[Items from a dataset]
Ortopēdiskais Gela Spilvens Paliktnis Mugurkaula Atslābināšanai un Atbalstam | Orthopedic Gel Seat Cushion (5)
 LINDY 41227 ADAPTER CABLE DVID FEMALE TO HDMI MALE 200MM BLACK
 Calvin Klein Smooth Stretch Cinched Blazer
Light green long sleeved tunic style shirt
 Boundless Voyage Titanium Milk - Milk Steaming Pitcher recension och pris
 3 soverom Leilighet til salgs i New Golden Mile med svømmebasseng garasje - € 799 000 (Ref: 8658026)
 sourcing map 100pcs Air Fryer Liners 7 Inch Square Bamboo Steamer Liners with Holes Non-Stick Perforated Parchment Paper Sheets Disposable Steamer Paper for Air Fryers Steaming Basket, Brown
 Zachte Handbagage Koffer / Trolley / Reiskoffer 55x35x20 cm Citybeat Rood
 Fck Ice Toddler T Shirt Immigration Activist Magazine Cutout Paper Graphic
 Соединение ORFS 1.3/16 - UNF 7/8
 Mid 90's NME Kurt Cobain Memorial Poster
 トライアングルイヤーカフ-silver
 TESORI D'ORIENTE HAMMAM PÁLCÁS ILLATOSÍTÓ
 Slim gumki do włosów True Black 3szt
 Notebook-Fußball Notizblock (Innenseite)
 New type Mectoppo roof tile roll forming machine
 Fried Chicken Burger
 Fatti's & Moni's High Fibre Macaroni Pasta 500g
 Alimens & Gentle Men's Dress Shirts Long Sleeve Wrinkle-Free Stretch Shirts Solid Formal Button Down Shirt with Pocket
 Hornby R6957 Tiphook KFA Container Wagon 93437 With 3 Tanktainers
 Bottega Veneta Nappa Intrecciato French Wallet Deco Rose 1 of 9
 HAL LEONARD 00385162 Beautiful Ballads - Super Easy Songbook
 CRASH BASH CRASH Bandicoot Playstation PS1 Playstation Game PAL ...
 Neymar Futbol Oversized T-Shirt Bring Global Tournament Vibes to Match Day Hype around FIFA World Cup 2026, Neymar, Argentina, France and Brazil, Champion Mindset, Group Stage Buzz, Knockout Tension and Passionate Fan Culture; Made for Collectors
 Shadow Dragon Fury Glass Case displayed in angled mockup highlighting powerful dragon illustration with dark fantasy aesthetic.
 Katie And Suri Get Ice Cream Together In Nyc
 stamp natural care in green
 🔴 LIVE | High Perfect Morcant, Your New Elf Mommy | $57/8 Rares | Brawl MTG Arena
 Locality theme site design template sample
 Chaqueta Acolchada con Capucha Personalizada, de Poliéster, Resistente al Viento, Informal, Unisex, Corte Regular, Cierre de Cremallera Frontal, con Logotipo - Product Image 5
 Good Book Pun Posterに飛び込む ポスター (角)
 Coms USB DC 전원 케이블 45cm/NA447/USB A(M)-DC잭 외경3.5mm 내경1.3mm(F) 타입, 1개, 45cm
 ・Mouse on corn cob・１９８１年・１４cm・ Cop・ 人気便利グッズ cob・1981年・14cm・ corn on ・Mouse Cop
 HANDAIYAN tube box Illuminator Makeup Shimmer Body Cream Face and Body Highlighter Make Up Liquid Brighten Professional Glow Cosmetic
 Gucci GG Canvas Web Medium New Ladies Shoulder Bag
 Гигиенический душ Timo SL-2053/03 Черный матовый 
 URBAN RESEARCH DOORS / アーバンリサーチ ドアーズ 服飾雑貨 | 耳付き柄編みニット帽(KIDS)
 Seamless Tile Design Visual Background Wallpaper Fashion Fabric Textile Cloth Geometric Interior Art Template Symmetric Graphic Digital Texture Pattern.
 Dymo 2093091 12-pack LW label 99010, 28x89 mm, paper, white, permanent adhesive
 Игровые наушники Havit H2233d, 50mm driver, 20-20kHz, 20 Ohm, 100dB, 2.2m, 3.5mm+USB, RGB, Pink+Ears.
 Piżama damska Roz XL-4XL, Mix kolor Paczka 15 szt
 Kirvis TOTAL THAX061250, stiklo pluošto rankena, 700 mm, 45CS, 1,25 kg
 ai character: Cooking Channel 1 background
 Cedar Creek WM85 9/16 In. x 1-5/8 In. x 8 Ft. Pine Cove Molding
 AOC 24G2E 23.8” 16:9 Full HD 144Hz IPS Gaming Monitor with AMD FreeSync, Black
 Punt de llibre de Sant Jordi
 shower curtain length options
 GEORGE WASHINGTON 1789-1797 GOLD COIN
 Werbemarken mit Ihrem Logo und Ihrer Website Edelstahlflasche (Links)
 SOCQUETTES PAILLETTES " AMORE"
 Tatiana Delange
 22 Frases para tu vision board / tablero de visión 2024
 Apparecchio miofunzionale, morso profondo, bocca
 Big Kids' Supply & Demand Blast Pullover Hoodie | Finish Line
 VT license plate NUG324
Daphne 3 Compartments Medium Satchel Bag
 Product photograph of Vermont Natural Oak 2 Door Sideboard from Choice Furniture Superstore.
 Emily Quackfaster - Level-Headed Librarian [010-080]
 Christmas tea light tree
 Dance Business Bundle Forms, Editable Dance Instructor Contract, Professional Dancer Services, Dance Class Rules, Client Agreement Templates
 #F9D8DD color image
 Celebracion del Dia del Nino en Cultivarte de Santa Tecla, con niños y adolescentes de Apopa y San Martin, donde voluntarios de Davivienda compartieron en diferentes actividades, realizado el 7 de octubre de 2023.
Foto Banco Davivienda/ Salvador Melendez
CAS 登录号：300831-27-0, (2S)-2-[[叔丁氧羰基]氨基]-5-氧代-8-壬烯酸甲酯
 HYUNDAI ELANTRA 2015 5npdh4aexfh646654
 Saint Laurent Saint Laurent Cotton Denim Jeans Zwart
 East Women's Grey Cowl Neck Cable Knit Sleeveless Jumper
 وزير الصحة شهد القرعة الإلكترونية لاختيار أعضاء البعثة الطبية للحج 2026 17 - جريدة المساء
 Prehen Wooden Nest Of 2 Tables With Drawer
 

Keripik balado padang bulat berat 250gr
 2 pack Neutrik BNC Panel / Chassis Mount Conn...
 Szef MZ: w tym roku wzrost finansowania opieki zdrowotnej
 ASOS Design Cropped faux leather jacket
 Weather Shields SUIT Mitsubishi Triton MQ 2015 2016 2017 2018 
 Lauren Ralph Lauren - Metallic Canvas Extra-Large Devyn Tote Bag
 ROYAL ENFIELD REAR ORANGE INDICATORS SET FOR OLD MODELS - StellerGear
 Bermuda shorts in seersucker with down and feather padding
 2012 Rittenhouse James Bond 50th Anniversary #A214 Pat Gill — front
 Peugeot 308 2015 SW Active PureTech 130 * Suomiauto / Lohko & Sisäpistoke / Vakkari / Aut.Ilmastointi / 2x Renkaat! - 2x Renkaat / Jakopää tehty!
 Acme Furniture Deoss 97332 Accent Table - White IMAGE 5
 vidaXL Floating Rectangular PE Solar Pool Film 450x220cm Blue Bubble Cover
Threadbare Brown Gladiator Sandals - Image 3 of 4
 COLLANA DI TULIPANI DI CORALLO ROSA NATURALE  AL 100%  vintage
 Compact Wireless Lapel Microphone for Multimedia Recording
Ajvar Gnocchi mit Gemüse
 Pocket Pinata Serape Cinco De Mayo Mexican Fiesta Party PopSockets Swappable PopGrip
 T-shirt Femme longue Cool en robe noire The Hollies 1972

> [Action item]: With nothing left out, copy the data above exactly.

> [Final answer]:
Ortopēdiskais Gela Spilvens Paliktnis Mugurkaula Atslābināšanai un Atbalstam | Orthopedic Gel Seat Cushion (5)
 LINDY 41227 ADAPTER CABLE DVID FEMALE TO HDMI MALE 200MM BLACK
 Calvin Klein Smooth Stretch Cinched Blazer
Light green long sleeved tunic style shirt
 Boundless Voyage Titanium Milk - Milk Steaming Pitcher recension och pris
 3 soverom Leilighet til salgs i New Golden Mile med svømmebasseng garasje - € 799 000 (Ref: 8658026)
 sourcing map 100pcs Air Fryer Liners 7 Inch Square Bamboo Steamer Liners with Holes Non-Stick Perforated Parchment Paper Sheets Disposable Steamer Paper for Air Fryers Steaming Basket, Brown
 Zachte Handbagage Koffer / Trolley / Reiskoffer 55x35x20 cm Citybeat Rood
 Fck Ice Toddler T Shirt Immigration Activist Magazine Cutout Paper Graphic
 Соединение ORFS 1.3/16 - UNF 7/8
 Mid 90's NME Kurt Cobain Memorial Poster
 トライアングルイヤーカフ-silver
 TESORI D'ORIENTE HAMMAM PÁLCÁS ILLATOSÍTÓ
 Slim gumki do włosów True Black 3szt
 Notebook-Fußball Notizblock (Innenseite)
 New type Mectoppo roof tile roll forming machine
 Fried Chicken Burger
 Fatti's & Moni's High Fibre Macaroni Pasta 500g
 Alimens & Gentle Men's Dress Shirts Long Sleeve Wrinkle-Free Stretch Shirts Solid Formal Button Down Shirt with Pocket
 Hornby R6957 Tiphook KFA Container Wagon 93437 With 3 Tanktainers
 Bottega Veneta Nappa Intrecciato French Wallet Deco Rose 1 of 9
 HAL LEONARD 00385162 Beautiful Ballads - Super Easy Songbook
 CRASH BASH CRASH Bandicoot Playstation PS1 Playstation Game PAL ...
 Neymar Futbol Oversized T-Shirt Bring Global Tournament Vibes to Match Day Hype around FIFA World Cup 2026, Neymar, Argentina, France and Brazil, Champion Mindset, Group Stage Buzz, Knockout Tension and Passionate Fan Culture; Made for Collectors
 Shadow Dragon Fury Glass Case displayed in angled mockup highlighting powerful dragon illustration with dark fantasy aesthetic.
 Katie And Suri Get Ice Cream Together In Nyc
 stamp natural care in green
 🔴 LIVE | High Perfect Morcant, Your New Elf Mommy | $57/8 Rares | Brawl MTG Arena
 Locality theme site design template sample
 Chaqueta Acolchada con Capucha Personalizada, de Poliéster, Resistente al Viento, Informal, Unisex, Corte Regular, Cierre de Cremallera Frontal, con Logotipo - Product Image 5
 Good Book Pun Posterに飛び込む ポスター (角)
 Coms USB DC 전원 케이블 45cm/NA447/USB A(M)-DC잭 외경3.5mm 내경1.3mm(F) 타입, 1개, 45cm
 ・Mouse on corn cob・１９８１年・１４cm・ Cop・ 人気便利グッズ cob・1981年・14cm・ corn on ・Mouse Cop
 HANDAIYAN tube box Illuminator Makeup Shimmer Body Cream Face and Body Highlighter Make Up Liquid Brighten Professional Glow Cosmetic
 Gucci GG Canvas Web Medium New Ladies Shoulder Bag
 Гигиенический душ Timo SL-2053/03 Черный матовый 
 URBAN RESEARCH DOORS / アーバンリサーチ ドアーズ 服飾雑貨 | 耳付き柄編みニット帽(KIDS)
 Seamless Tile Design Visual Background Wallpaper Fashion Fabric Textile Cloth Geometric Interior Art Template Symmetric Graphic Digital Texture Pattern.
 Dymo 2093091 12-pack LW label 99010, 28x89 mm, paper, white, permanent adhesive
 Игровые наушники Havit H2233d, 50mm driver, 20-20kHz, 20 Ohm, 100dB, 2.2m, 3.5mm+USB, RGB, Pink+Ears.
 Piżama damska Roz XL-4XL, Mix kolor Paczka 15 szt
 Kirvis TOTAL THAX061250, stiklo pluošto rankena, 700 mm, 45CS, 1,25 kg
 ai character: Cooking Channel 1 background
 Cedar Creek WM85 9/16 In. x 1-5/8 In. x 8 Ft. Pine Cove Molding
 AOC 24G2E 23.8” 16:9 Full HD 144Hz IPS Gaming Monitor with AMD FreeSync, Black
 Punt de llibre de Sant Jordi
 shower curtain length options
 GEORGE WASHINGTON 1789-1797 GOLD COIN
 Werbemarken mit Ihrem Logo und Ihrer Website Edelstahlflasche (Links)
 SOCQUETTES PAILLETTES " AMORE"
 Tatiana Delange
 22 Frases para tu vision board / tablero de visión 2024
 Apparecchio miofunzionale, morso profondo, bocca
 Big Kids' Supply & Demand Blast Pullover Hoodie | Finish Line
 VT license plate NUG324
Daphne 3 Compartments Medium Satchel Bag
 Product photograph of Vermont Natural Oak 2 Door Sideboard from Choice Furniture Superstore.
 Emily Quackfaster - Level-Headed Librarian [010-080]
 Christmas tea light tree
 Dance Business Bundle Forms, Editable Dance Instructor Contract, Professional Dancer Services, Dance Class Rules, Client Agreement Templates
 #F9D8DD color image
 Celebracion del Dia del Nino en Cultivarte de Santa Tecla, con niños y adolescentes de Apopa y San Martin, donde voluntarios de Davivienda compartieron en diferentes actividades, realizado el 7 de octubre de 2023.
Foto Banco Davivienda/ Salvador Melendez
CAS 登录号：300831-27-0, (2S)-2-[[叔丁氧羰基]氨基]-5-氧代-8-壬烯酸甲酯
 HYUNDAI ELANTRA 2015 5npdh4aexfh646654
 Saint Laurent Saint Laurent Cotton Denim Jeans Zwart
 East Women's Grey Cowl Neck Cable Knit Sleeveless Jumper
 وزير الصحة شهد القرعة الإلكترونية لاختيار أعضاء البعثة الطبية للحج 2026 17 - جريدة المساء
 Prehen Wooden Nest Of 2 Tables With Drawer
 

Keripik balado padang bulat berat 250gr
 2 pack Neutrik BNC Panel / Chassis Mount Conn...
 Szef MZ: w tym roku wzrost finansowania opieki zdrowotnej
 ASOS Design Cropped faux leather jacket
 Weather Shields SUIT Mitsubishi Triton MQ 2015 2016 2017 2018 
 Lauren Ralph Lauren - Metallic Canvas Extra-Large Devyn Tote Bag
 ROYAL ENFIELD REAR ORANGE INDICATORS SET FOR OLD MODELS - StellerGear
 Bermuda shorts in seersucker with down and feather padding
 2012 Rittenhouse James Bond 50th Anniversary #A214 Pat Gill — front
 Peugeot 308 2015 SW Active PureTech 130 * Suomiauto / Lohko & Sisäpistoke / Vakkari / Aut.Ilmastointi / 2x Renkaat! - 2x Renkaat / Jakopää tehty!
 Acme Furniture Deoss 97332 Accent Table - White IMAGE 5
 vidaXL Floating Rectangular PE Solar Pool Film 450x220cm Blue Bubble Cover
Threadbare Brown Gladiator Sandals - Image 3 of 4
 COLLANA DI TULIPANI DI CORALLO ROSA NATURALE  AL 100%  vintage
 Compact Wireless Lapel Microphone for Multimedia Recording
Ajvar Gnocchi mit Gemüse
 Pocket Pinata Serape Cinco De Mayo Mexican Fiesta Party PopSockets Swappable PopGrip
 T-shirt Femme longue Cool en robe noire The Hollies 1972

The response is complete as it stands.